So what do you think: do the compactness and reduced repetition justify this despite the ugliness and the potential drawbacks?
Never put open or close {} inside macros. C programmers are not used to this so code gets difficult to read.
In your case this is even completely superfluous, you just don't need them. If you do such a thing do
FOR3D(I, J, K, ISIZE, JSIZE, KSIZE) \
for (size_t I=0; I<ISIIZE, I++) \
for (size_t J=0; J<JSIZE, J++) \
for (size_t K=0; K<KSIZE, K++)
no need for a terminating macro. The programmer can place the {} directly.
Also, above I have used size_t as the correct type in C for loop indices. 3D matrices easily get large, int arithmetic overflows when you don't think of it.

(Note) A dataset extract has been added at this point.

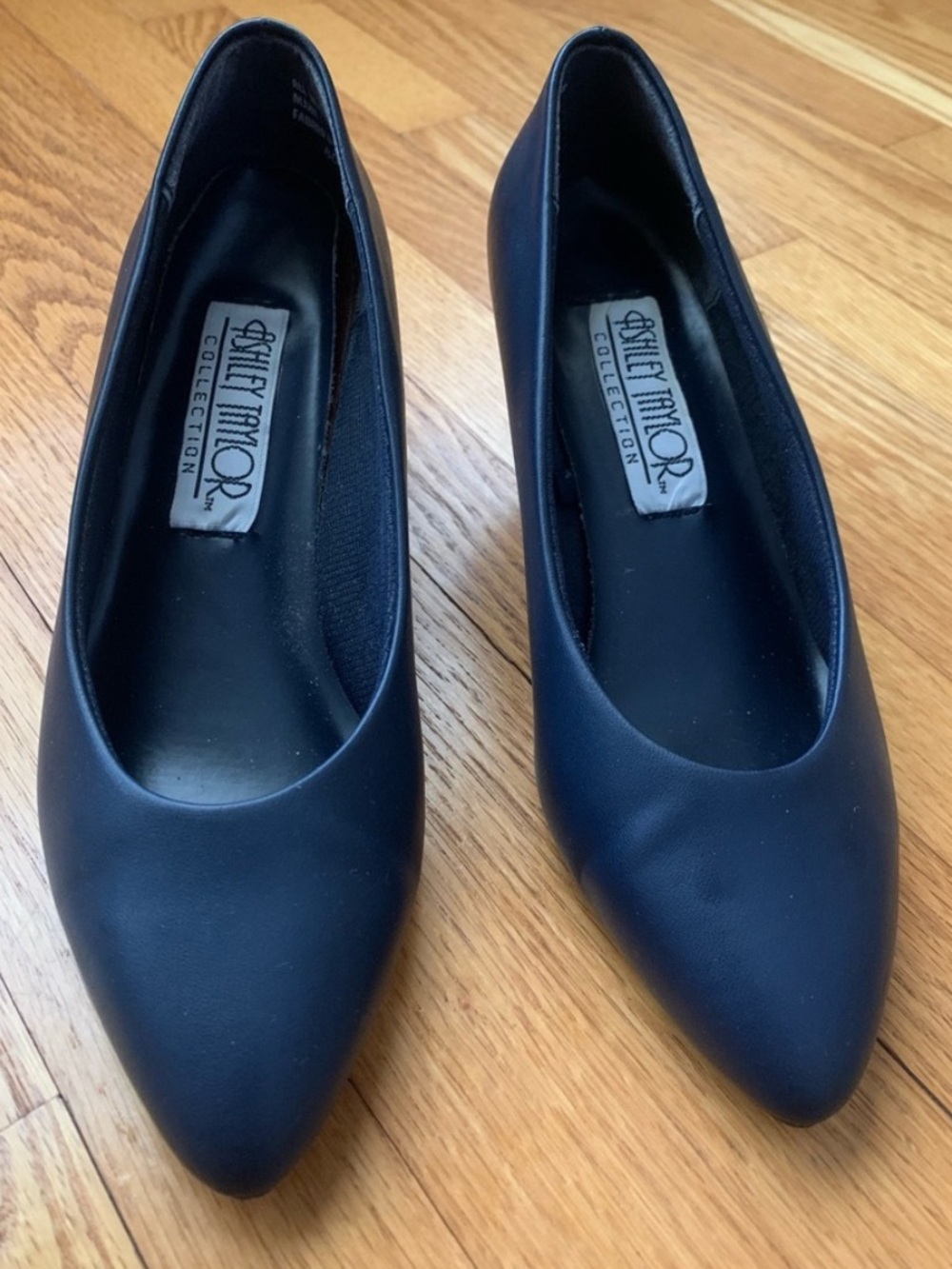 Ashley Taylor size 6-6.5 
Navy Blue Women Shoes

If these 3D arrays are “small”, you can ignore me. If your 3D arrays are large, but you don't much care about performance, you can ignore me. If you subscribe to the (common but false) doctrine that compilers are quasi-magical tools that can poop out optimal code almost irrespective of the input, you can ignore me.
You are probably aware of the general caveats regarding macros, how they can frustrate debugging, etc., but if your 3D arrays are “large” (whatever that means), and your algorithms are performance-oriented, there may be drawbacks of your strategy that you may not have considered.
First: if you are doing linear algebra, you almost certainly want to use dedicated linear algebra libraries, such as BLAS, LAPACK, etc., rather than “rolling your own”. OpenBLAS (from GotoBLAS) will totally smoke any equivalent you write, probably by at least an order of magnitude. This is doubly true if your matrices are sparse and triply true if your matrices are sparse and structured (such as tridiagonal).
Second: if your 3D arrays represent Cartesian grids for some kind of simulation (like a finite-difference method), and/or are intended to be fed to any numerical library, you absolutely do not want to represent them as C 3D arrays. You will want, instead, to use a 1D C array and use library functions where possible and perform index computations yourself (see this answer for details) where necessary.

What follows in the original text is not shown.